_AIM OF THE TASK_
Leave out every picture, and return exactly the lines from the line containing "2020年西安工业大学硕士研究生" through the end of the records below, both inclusive.

= Beginning of Section =

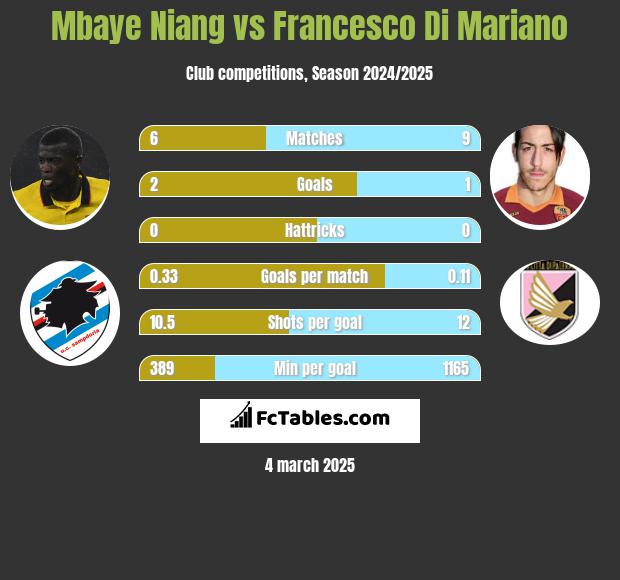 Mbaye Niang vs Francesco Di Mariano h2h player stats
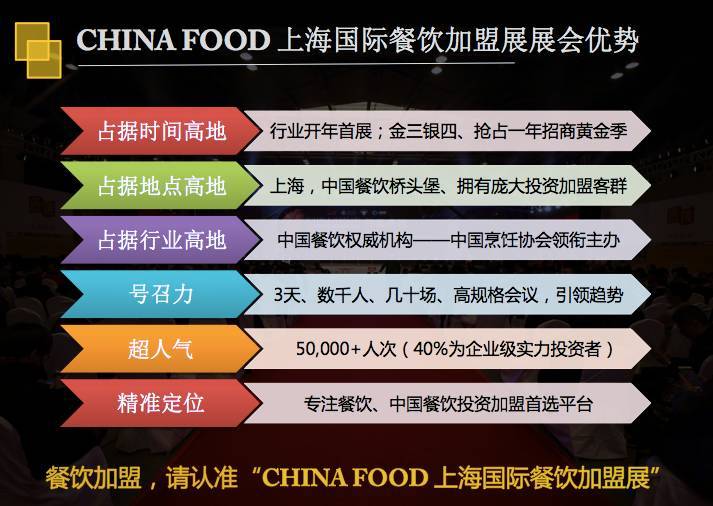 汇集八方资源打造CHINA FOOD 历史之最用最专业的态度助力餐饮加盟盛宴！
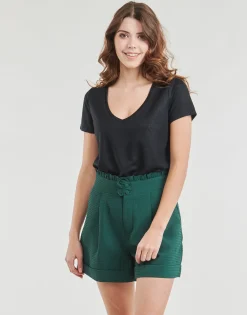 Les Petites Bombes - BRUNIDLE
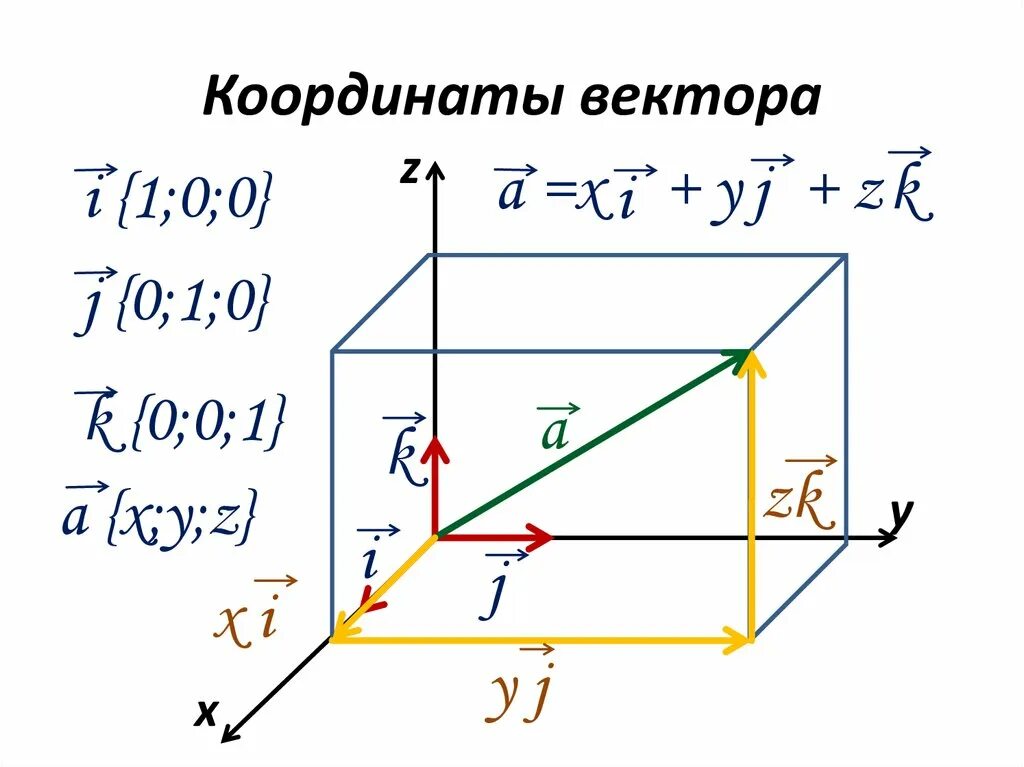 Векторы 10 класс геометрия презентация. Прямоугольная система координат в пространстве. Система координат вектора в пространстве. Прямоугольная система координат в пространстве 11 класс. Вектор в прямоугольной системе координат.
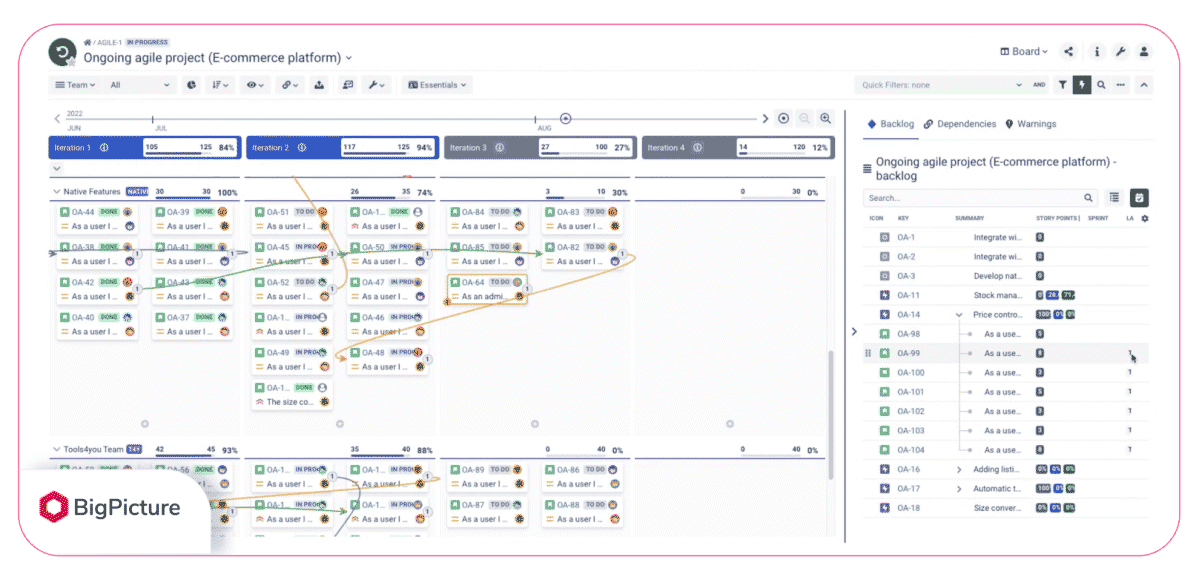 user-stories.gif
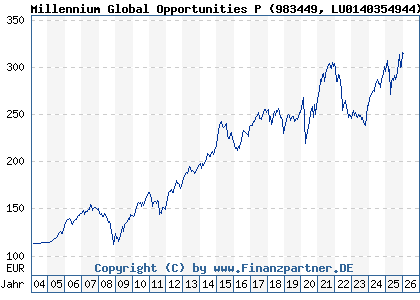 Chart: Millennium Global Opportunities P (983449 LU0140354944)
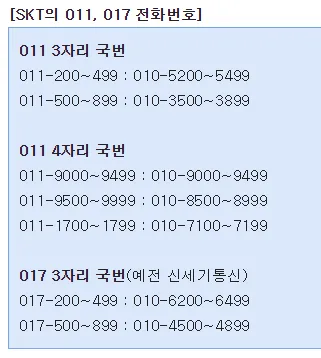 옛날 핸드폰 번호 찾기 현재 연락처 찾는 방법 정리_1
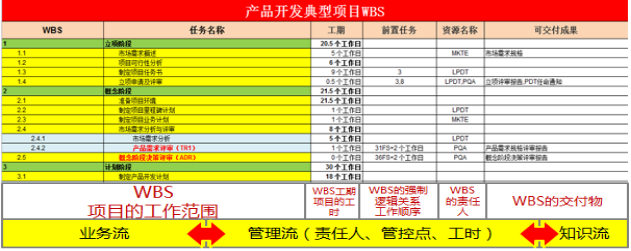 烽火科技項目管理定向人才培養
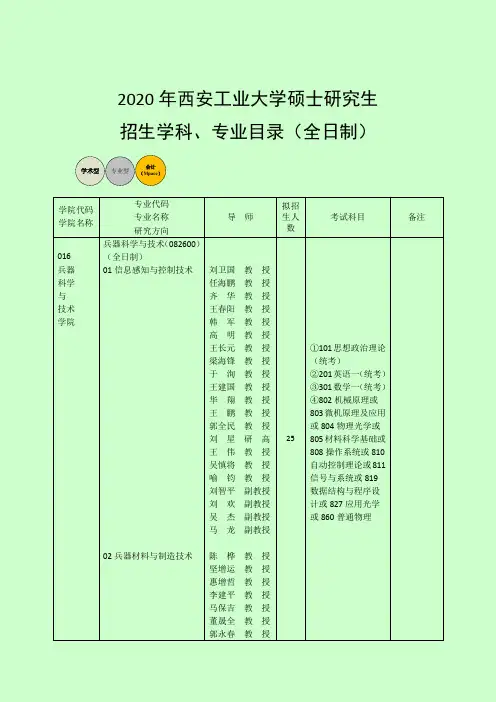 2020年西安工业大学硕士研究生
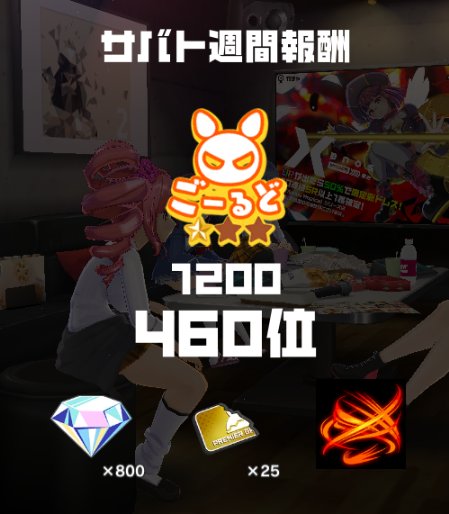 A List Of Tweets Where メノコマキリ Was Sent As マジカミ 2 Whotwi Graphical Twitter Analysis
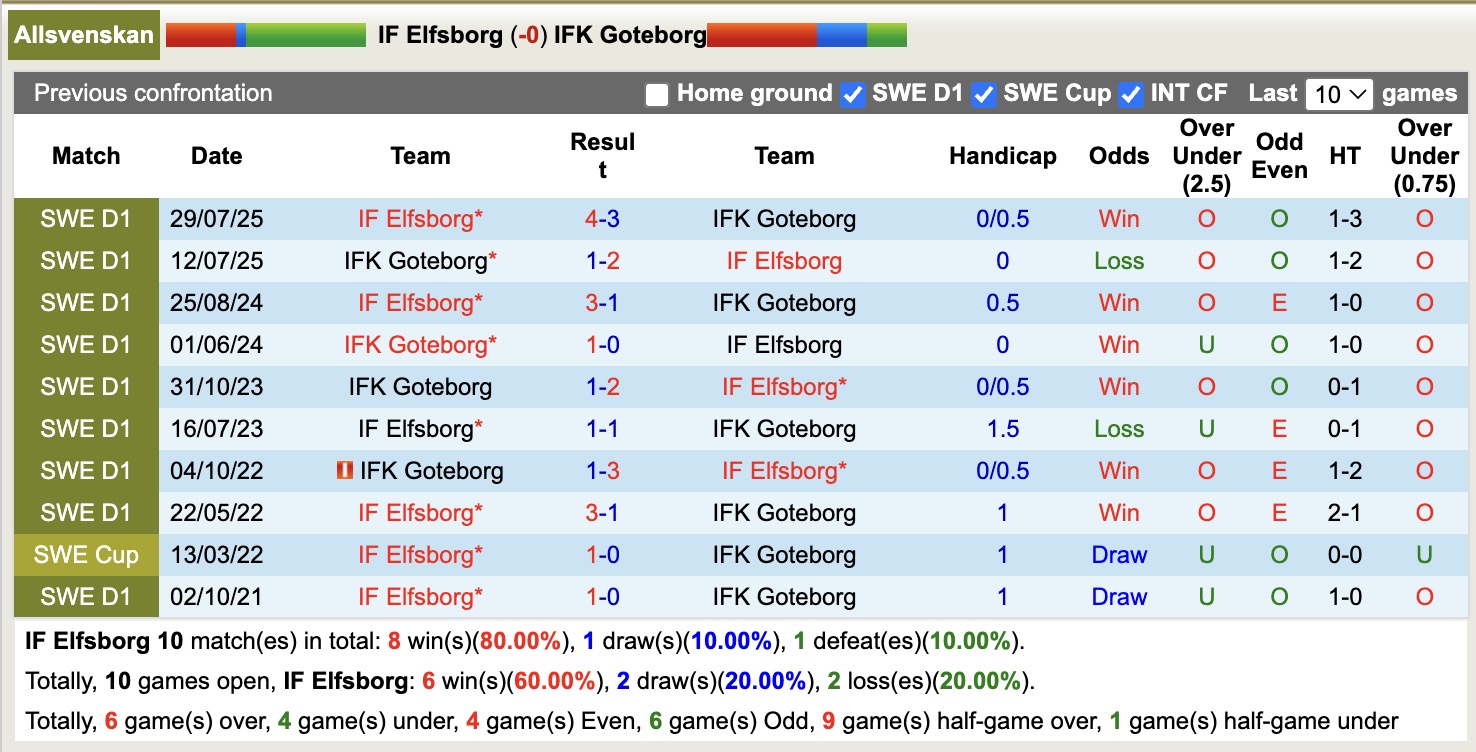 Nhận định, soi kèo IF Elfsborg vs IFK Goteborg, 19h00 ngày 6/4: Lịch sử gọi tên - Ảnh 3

= End of Section =

_OUTPUT BELOW_
 2020年西安工业大学硕士研究生
 A List Of Tweets Where メノコマキリ Was Sent As マジカミ 2 Whotwi Graphical Twitter Analysis
 Nhận định, soi kèo IF Elfsborg vs IFK Goteborg, 19h00 ngày 6/4: Lịch sử gọi tên - Ảnh 3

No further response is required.